Glen H. Elder, Jr.
Research Professor, Psychology
glen_elder@unc.edu
Curriculum Vitae
Google Scholar Profile
PubMed Publications
CPC Publications
Glen H. Elder Jr. wants to understand how the changing social, economic and cultural environment of people influences their lives from childhood to old age, as expressed in modes of adaptation, health, and well-being. In this research, now called life course studies, he has observed and compared people in different birth cohorts over decades of their lives. His work has followed and observed children of the Great Depression through military service in World War II as well as rural farm youth during the economic recessions of the 1980s. A recently completed study follows members of California's 1900 generation across the turbulence of 1920s prosperity, the Great Depression, and the economic boom of the War years .
Glen Elder's career has focused on understanding the reciprocal influences of changing environments and people's lives through the use of longitudinal samples of individuals and cohort members. These changing environments include the Great Depression, military service in WW II and subsequent wars, rural economic declines, and the concentration of urban poverty. A theoretical account of their effects on people's lives has evolved as the life course framework, defined by the principles of lifelong development, linked lives, human agency, the timing of life events, and historical time and place. Elder is continuing to contribute to life course theory in general, including a third version of his handbook chapter on the life course with CPC fellow Michael Shanahan (2015) and a chapter with Linda George at Duke University on cohorts and the life course for the second edition of the Handbook of the Life Course. Elder is also directing a longitudinal project that is focused on the lives and families of men and women who were born around 1900 and settled in Berkeley, California. They are the parents of the well-known Berkeley cohort of study members (born 1928-29) who were followed across the Depression and World War II to the middle years. The 1900 project is investigating the impact of the era's dramatic change in the lives, health and aging of this generation.

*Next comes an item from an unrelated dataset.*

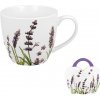 DUO - Hrnček 460 ml LAVENDER E DUO - Hrnček 460 ml LAVENDER E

Elder is also the co-editor, with Ross D. Parke of "Children in Changing Worlds: Sociocultural and Temporal Perspectives", Cambridge University Press, 2019; and the co-author, with Richard A. Settersten and Lisa Pearce, of “Living on the Edge: An American Generation’s Journey across the Twentieth Century”, The University of Chicago Press, 2021.
"With a vision shaped by “Children of the Great Depression,” “Living on the Edge” became the capstone of my career," he says. "I started it after completing “Children" around 1972-73 and the intellectual excitement of discovering the potential of this data archive on members of the 1900 generation motivated my work, chapter by chapter up to 2021."